"Everyone's been good to me, especially the dogs": foster-children and young paupers in nineteenth-century Southern Iceland

Journal of Social History, Winter, 1993 by Gisli Agust Gunnlaugsson

Introduction

Parent-child relations in the European past have attracted considerable academic interest since the 1960s. During the 1970s and early 1980s historical research into the subject was largely concerned with questions relating to attitudes towards children and the treatment of children in former times.(1) During the 1970s and 1980s various scholars explored other issues closely related to the history of childhood. Thus, during the 1970s Peter Laslett published on parental deprivation in the English past, to mention but one example.(2) Judging by the relative scarcity of publications on orphans and stepparenthood during the late 1970s and early 1980s, the subject he raised does not seem to have attracted much attention internationally.(3) This changed during the latter part of the 1980s when historians increasingly began to address problems such as child abandonment, the position of orphans and relations between stepparents and stepchildren in the past.(4)

John Boswell has directed some attention to child abandonment in medieval Iceland,(5) whereas hardly anything has been written on the subject of child abandonment, fostering and orphans in the country during the early modern and modern periods. This is somewhat surprising since during the eighteenth and nineteenth centuries a considerable percentage of households in the country included children other than offspring of the head of household. An investigation into family and household structures in seven Icelandic parishes between 1801 and 1816 revealed that the proportion of foster-children ranged between 2.5 per cent and 18.3 per cent of all children residing in the individual parishes.(6)

The position of foster-children within the family in nineteenth-century Iceland is liable to have varied considerably.(7) Hypothetically it has been argued that some of them probably had the same, or a similar, status within the family as blood descendants of the couple heading it. Other may have been "private paupers" of the family, i.e. children who resided with the family (for various reasons) for a certain period of time, without the commune or their parents (or other relatives) paying for their maintenance.(8)

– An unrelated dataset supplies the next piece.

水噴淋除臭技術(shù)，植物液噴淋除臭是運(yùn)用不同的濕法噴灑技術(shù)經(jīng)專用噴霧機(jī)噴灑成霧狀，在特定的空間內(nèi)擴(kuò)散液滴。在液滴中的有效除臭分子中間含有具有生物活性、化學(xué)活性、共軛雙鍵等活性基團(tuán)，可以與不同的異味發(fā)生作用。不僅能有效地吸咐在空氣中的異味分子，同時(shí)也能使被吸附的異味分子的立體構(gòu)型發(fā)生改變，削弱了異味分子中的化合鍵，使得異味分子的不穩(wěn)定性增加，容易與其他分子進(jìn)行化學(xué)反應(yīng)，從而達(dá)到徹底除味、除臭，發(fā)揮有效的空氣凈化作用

The ambition here is to shed some light on the question why children were fostered by persons other than their parents in nineteenth-century Iceland. By analyzing sources such as censuses, parish registers and catechetical registers, I shall attempt to determine the relative number of foster-children in the county of Arnessysla in southern Iceland and the percentage of households including such members. Furthermore, by investigating two groups of foster-children randomly chosen from the censuses of 1845 and 1870, I shall try to establish whether or not there were kinship ties between foster-children and the families to which they belonged. Finally, I shall discuss the plausible position of foster-children as compared with the position of young paupers in Icelandic households during the nineteenth century.

Problems of a Definition

The Icelandic censuses list two different categories of children and youth other than offspring of heads of households and hired servants: paupers and foster-children. Paupers are a well defined category and do not pose a problem when dealing with Icelandic household structure in the past. The same does not apply to foster-children. In the census of 1801 occupational and household status of each individual is recorded in Danish, while Icelandic is most often used in subsequent censuses.(9) Even if more than one term is used to designate foster-children (fosterbarn, opfostringsbarn, plejebarn) in the 1801 census, these hardly allow for different interpretations. The same cannot be said about later censuses compiled in Icelandic. These list two categories of "foster-children": fosturborn and tokuborn. There is a definite qualitative difference between the use of these terms in modern Icelandic. The first, which may be translated into English with the term foster-children, indicates a better household status than the latter, which implies that the children in question were "taken in" by household heads, without--or with less--emotional involvement. The census enumerators have, however, not accounted for the use of the terms, nor have statisticians publishing statistical analyses based on the censuses qualified how they use them. It seems that these children have merely been tabulated with other dependents of household heads.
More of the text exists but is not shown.